The input for our actual flows are large Python objects containing collections of arrays
k
It is mentioned here. Specifically,
Copy code
However, if a mapped task relies on another mapped task, Prefect does not reduce the upstream result. Instead, it connects the nth upstream child to the nth downstream child, creating independent parallel pipelines.
d
This seems unreliable to me. Is there any other way to know what was the input of the failed task was when you're using checkpointing like this? Ideally it would say
map_fn[0] failed on input /path/to/checkpointed_result.pickle
or similar when it prints the stack trace
k
Yep I know what you are saying. Let me think of a way to get this logged.
🙌 1
I am still figuring out how to get the Result of an upstream task in the state handler (not 100% sure it’s possible without querying the database through the client). The closest thing I have now is to use the result manually and pass in the location to show the mapping relationship:
Copy code
from prefect import task, Flow
import prefect
from prefect.engine.results import LocalResult
from prefect.engine.signals import FAIL

@task(checkpoint=True)
def abc(x):
    map_index = prefect.context.get("map_index")
    result=LocalResult(dir="./output/",location=f"{map_index}.txt")
    result.write(x)
    return result.location

@task
def subtract(loc):
    logger = prefect.context.get("logger")
    result=LocalResult(dir="./output/")
    x = result.read(location=loc).value
    if x == 2:
        raise FAIL(f"The {loc} had a value of {x}")

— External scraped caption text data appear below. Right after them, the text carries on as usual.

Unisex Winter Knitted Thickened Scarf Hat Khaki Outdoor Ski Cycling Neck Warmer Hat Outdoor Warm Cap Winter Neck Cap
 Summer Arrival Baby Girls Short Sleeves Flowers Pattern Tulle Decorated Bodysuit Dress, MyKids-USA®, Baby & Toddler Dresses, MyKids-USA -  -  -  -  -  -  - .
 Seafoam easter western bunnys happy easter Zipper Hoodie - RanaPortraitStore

    <http://logger.info|logger.info>(loc)
    <http://logger.info|logger.info>(f"Got the value {x}")
    return x

with Flow("map-test") as flow:
    a = abc.map([0,1,2,3,4])
    b = subtract.map(a)

flow.run()
🙌 1
Still working on this.
d
Thank you, this is informative. I wonder if there's room a feature here. I don't know how the input caching works, but it seems like it's should have information about where the input is if you're using output caching?
k
Maybe I misunderstood earlier. I thought we were trying to trace where an upstream task was saved so that a downstream task could find it in future flow runs. The
target
is just checking if a file exists, and then the task itself would just load it from that location (but this is on the task level without upstream dependencies). If you want to see that in action, you can turn on the DEBUG level logs and it will say where it’s loading data from. So I think what you might have been asking is how the map-index would work with targets? I think the map-index might not be good since the guarantees are not strong that the order is the same and you may load a different file (I think this is what you were alluding to). In this case I would use something else like using a task input if you have any smaller ones available to create unique files names.
Syncing tomorrow morning with an engineer on this and I’ll get back to you.
Chatted with the team. The issue here is that the location of an upstream task is tracked by orchestration is decoupled from the code logic, so getting the upstream result location is not something the downstream task is aware of or can do. If the location is an important concept in your flow, you would need to have it as an input or return it directly from the upstream task. I guess nothing new and we have working variations of this in this thread. Sorry about that, but do let me know if there’s anything I can help with.